Nel paesaggio collinare tra Volterra e Peccioli, immerso tra campi coltivati e cipressi, si trova il Birrificio Agricolo Poggio Rosso. Una realtà di famiglia, nel senso più autentico del termine: l’atmosfera di casa si respira appena si varca la soglia. 


La struttura è perfettamente integrata nel territorio, e il rispetto per l’ambiente non è una dichiarazione di intenti ma una scelta concreta e visibile: l’impianto a vapore è alimentato a biomassa aziendale — il nocciolino prodotto dalla stessa azienda agricola — mentre i pannelli solari garantiscono l’energia per la fermentazione e la gestione della catena del freddo. È un birrificio agricolo nel senso più vero: i cereali biologici vengono coltivati direttamente dalla famiglia dei proprietari, che di mestiere fanno gli agricoltori da generazioni. 

Dal salone al primo piano, affacciandosi alle finestre, si gode uno spettacolo che toglie il fiato: le colline toscane si aprono davanti agli occhi in tutto il loro splendore.
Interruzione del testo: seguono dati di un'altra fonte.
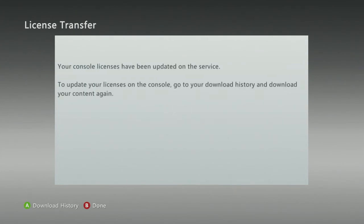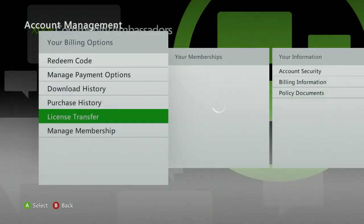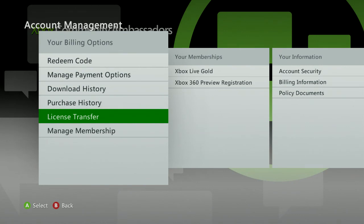It's going to transfer your license, and it will let you know that the license has been transferred and it's done. Click Done, and that's how you transfer your license from the old console to your new console.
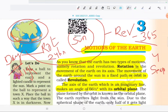Revolutions make four seasons possible: Summer, Winter, Autumn, and Spring. These seasons happen because of revolutions. Day and night happen because of the earth's rotation. The movement of the earth on its axis is called rotation. The movement of the earth around the sun is called revolution.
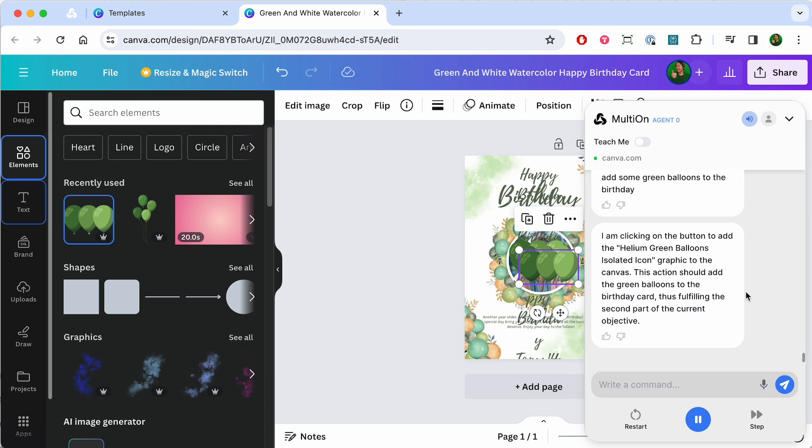I am clicking on the button to add the Helium Green Balloons isolated icon graphic to the canvas. This action should add the green balloons to the birthday card, thus fulfilling the second part of the current objective.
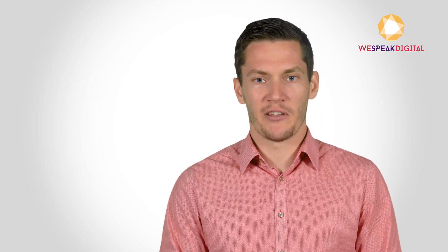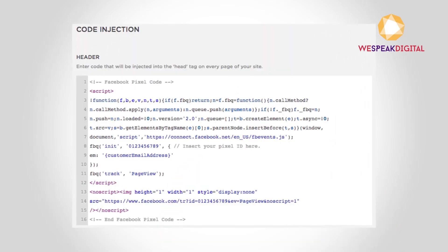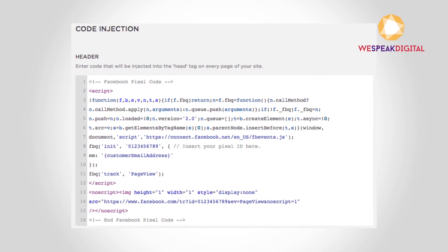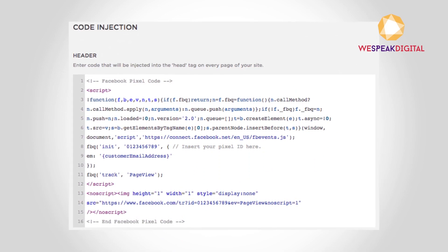Once you have the pixel created, you need to implement its code to your website. We recommend using Google Tag Manager, which will be covered in one of our videos. If you are a marketer, it probably won't be you who implements the code to your page, but your developer. Send him or her instructions from Facebook and explain these four steps. Number one: implement the basic code to all pages of your website.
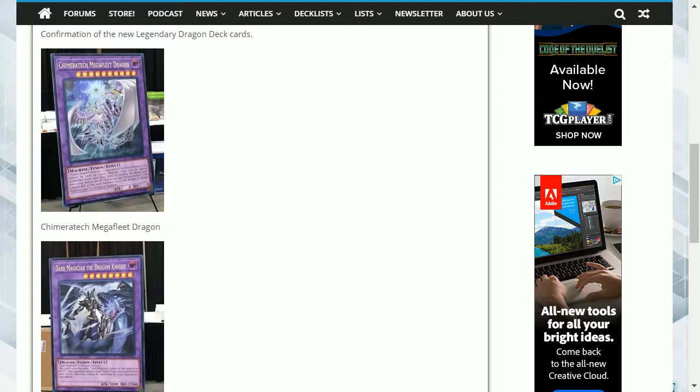So this was announced a couple of days ago and I'm guessing this will be made available for probably the top two players with obviously the winner having the first choice.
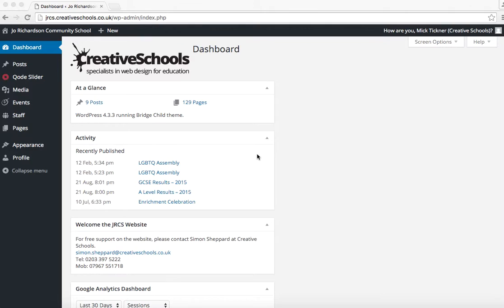You shouldn't ever have to change the menu on your website, but if you do add a page into the website, you will need to add it into the menu. That's where everything appears at the very top.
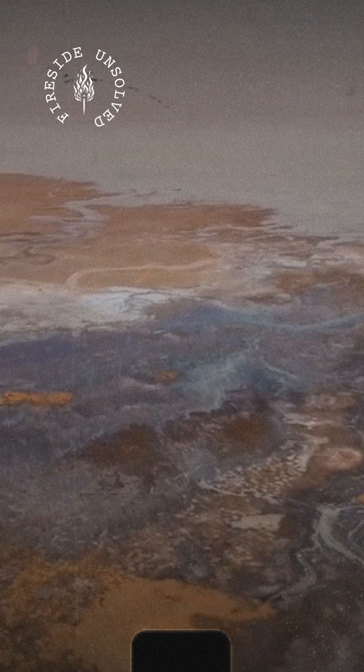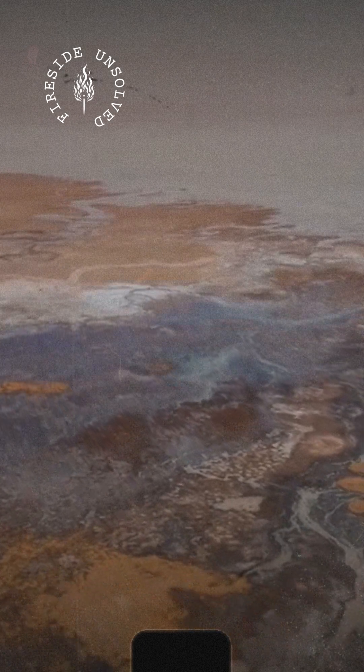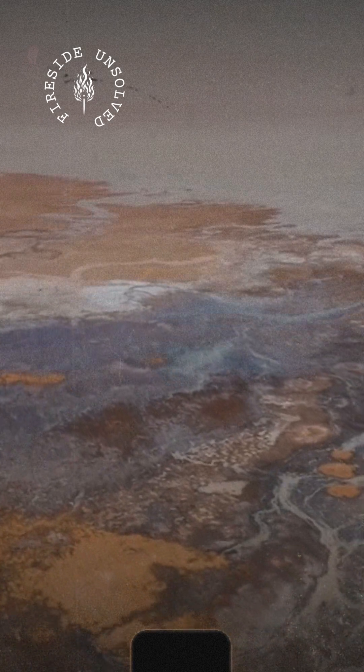The Tunguska event in Russia, the largest impact event on Earth in recorded history, occurred when a celestial object exploded in Earth's atmosphere, causing widespread devastation but leaving no impact crater.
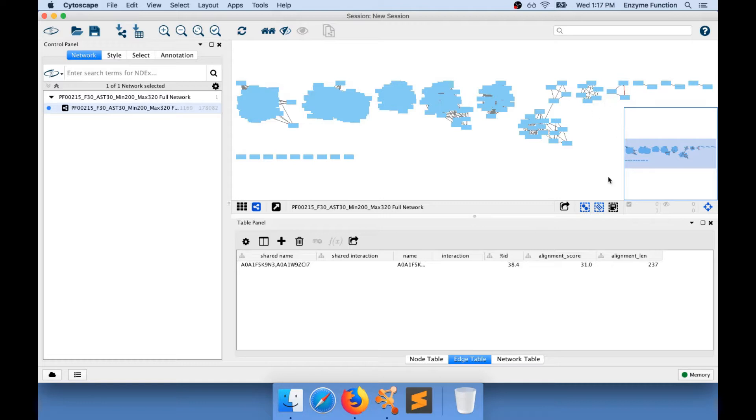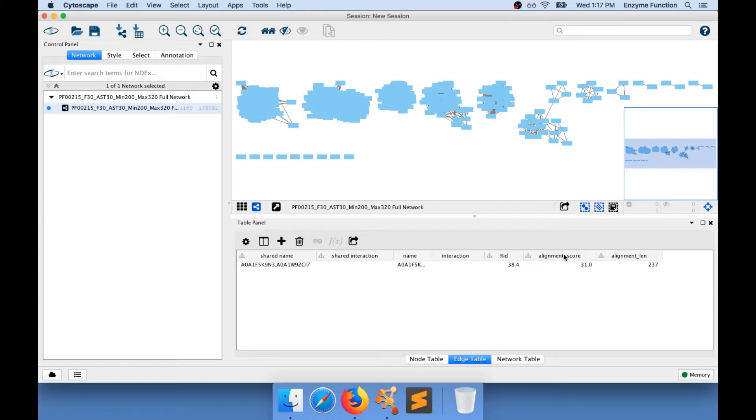I know that the alignment score between these two nodes is 31, and the alignment length 237. The alignment score is the value on which you apply a threshold when you establish your alignment score threshold on the EFI website.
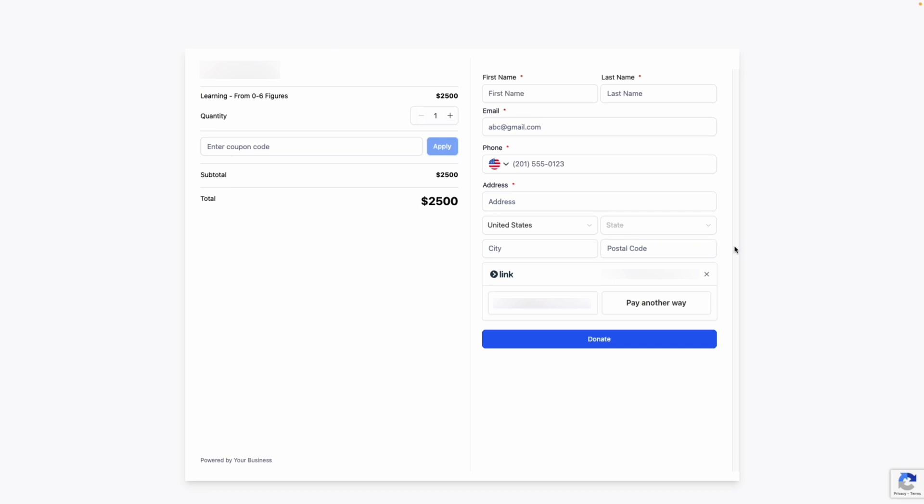And just like that, we can accept our payments easily through the platform using our own branding, and with as much customization as we want. We hope you found this helpful and thank you for watching.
È il punto in cui le colline sembrano incontrare la città di Volterra. 




Qui, oltre ad acquistare le birre, si può degustare e assaggiare prodotti del territorio. La scelta degli ingredienti è attenta e coerente: tutto rigorosamente a km zero, dai salumi ai formaggi, fino alle focacce prodotte in casa, che accompagnano egregiamente le birre alla spina.

La mia preferita è Furore, forse perché è quella che, più di tutte, racconta chi sono davvero i proprietari di questo posto. Furore si ispira all’omonimo romanzo di Steinbeck, che narra la storia di agricoltori costretti ad abbandonare le loro terre nel sud della California, in fuga dalla siccità, alla ricerca di una vita migliore. Un po’ come i nonni dei proprietari, che dalla Campania si trasferirono in Toscana per lavorare e cominciarono a coltivare queste colline. Una storia di radici, di fatica, di attaccamento alla terra.

La birra è una Belgian Ale, lievemente fruttata, con un piacevole sentore di caramello sul finale. Va giù che è una bellezza.


Se vi capita di passare da queste parti, non potete rinunciare a fare una puntata al Poggio Rosso. Non ve ne pentirete.